Não falo aqui especialmente das amizades que foram interrompidas, fisicamente, pela morte, mas que, como os amores, continuam na nossa emoção.
Falo das que perdi, não por desamor ou algum raciocínio lá delas, por algum motivo que em geral nunca descobri – não sou tão inteligente quanto as pessoas pensam –, mas que acabaram. Foram embora, sem sinal, sem adeus, sem explicação.

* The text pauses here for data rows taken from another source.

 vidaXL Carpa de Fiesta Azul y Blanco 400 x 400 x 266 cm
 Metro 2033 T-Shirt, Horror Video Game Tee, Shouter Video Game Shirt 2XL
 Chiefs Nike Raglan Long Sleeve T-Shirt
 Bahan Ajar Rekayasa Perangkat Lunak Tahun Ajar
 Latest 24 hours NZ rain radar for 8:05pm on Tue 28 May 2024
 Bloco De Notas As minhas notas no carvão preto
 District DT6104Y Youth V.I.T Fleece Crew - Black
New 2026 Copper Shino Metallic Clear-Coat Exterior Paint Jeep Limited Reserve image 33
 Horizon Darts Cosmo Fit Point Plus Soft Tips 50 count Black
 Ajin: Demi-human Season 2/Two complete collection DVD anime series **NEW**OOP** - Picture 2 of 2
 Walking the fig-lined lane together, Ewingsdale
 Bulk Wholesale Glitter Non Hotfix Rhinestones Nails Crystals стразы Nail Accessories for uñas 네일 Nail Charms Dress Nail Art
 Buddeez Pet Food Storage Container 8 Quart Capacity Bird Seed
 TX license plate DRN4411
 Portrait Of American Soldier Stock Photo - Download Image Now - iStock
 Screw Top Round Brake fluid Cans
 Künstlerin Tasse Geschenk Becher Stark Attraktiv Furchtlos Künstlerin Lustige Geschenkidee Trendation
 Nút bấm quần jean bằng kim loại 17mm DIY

Falo das que perdi, nos perdemos, e não foi falta de amizade. A primeira chamava-se Susana, nome de minha primeira boneca, nome que muito tempo depois dei a minha filha. Tínhamos, as duas, 11 a 12 anos. Era minha colega de aula, filha do pastor, minha família era luterana. Susana, como acontece com todas ou quase todas as meninas sem irmã, foi por um bom tempo a irmã desejada, e era recíproco, pois eu tinha um irmão, ela dois. Depois sua mãe, uma mulher alta, generosa, bondosíssima, morreu de um câncer agressivo e rápido. Ficamos mais unidas ainda, mas meses depois seu pai, o pastor Riemann, voltou para a Alemanha, onde ele e a esposa tinham nascido.
Por algum tempo nos comunicamos por cartas, que levavam, então, duas semanas a três. Numa delas, minha amiga me contou que seu irmãozinho menor tinha morrido num acidente de esqui. Um dia ela me disse que iam se mudar para alguma cidade que eu desconhecia, mas ficava “atrás da Cortina de Ferro”. Nunca mais nos comunicamos, nunca mais eu soube dela. Alguém me explicou que atrás da Cortina havia isolamento total. Recentemente, num acesso de nostalgia, publiquei na internet seu nome de menina, mas nunca tive resposta. Era da minha idade. Estamos velhas. Talvez ela nem exista mais.
A segunda amizade perdida foi de uma colega de Ensino Médio, últimos dois anos. Muito amiga minha, no colégio católico, em nossa cidade. Bondosa, alegre, paciente, tinha um detalhe que eu admirava: um olho bem azul, outro castanho-claro. Para ela, era um incômodo, mas em geral as pessoas achavam bonito, original. No dia depois da formatura, recebi um comunicado: minha melhor amiga, dos belos olhos diversos, mandava recado de que não ia se despedir, mas estava ingressando numa ordem de freiras muito rigorosa, que não permitia contato nem com familiares nos primeiros meses e, fora isso, só depois de um ano. Nunca eu tinha percebido, em nenhuma palavra, silêncio ou olhar, sinal de que tudo estaria acabado. Lembro de que nos primeiros dias chorei, fiquei furiosa, indignada, mais tarde entendi que era o jeito dela de obedecer a algo maior do que uma boa amizade. Não tive mais notícias dela. Não foi falta de afeto, mas algum chamamento definitivo.
Há também as que não perdi, mas se afastaram, provavelmente por razões políticas, o que me deixou a marca de uma profunda decepção. Como se pode substituir um afeto fraterno por uma ideia, um nome, uma pessoa? Mas tudo é possível nas hostes humanas, e o jeito é aceitar. Algo se desfez, a luz se apagou, por motivos de que nem me dei conta. Nas duas vezes demorei a entender, infantilmente tentei saber o que havia: depois entendi que era hora de cortar aqui do meu lado. Fim. Que pena.
Seja como for, em vez de falar em isolamento forçado, tantos adoecimentos e mortes e confusões e negativas aqui e no mundo, hoje homenageio as amizades perdidas: não as que se foram porque o afeto não prevaleceu, mas por esse enigma que chamamos destino – maior do que nós.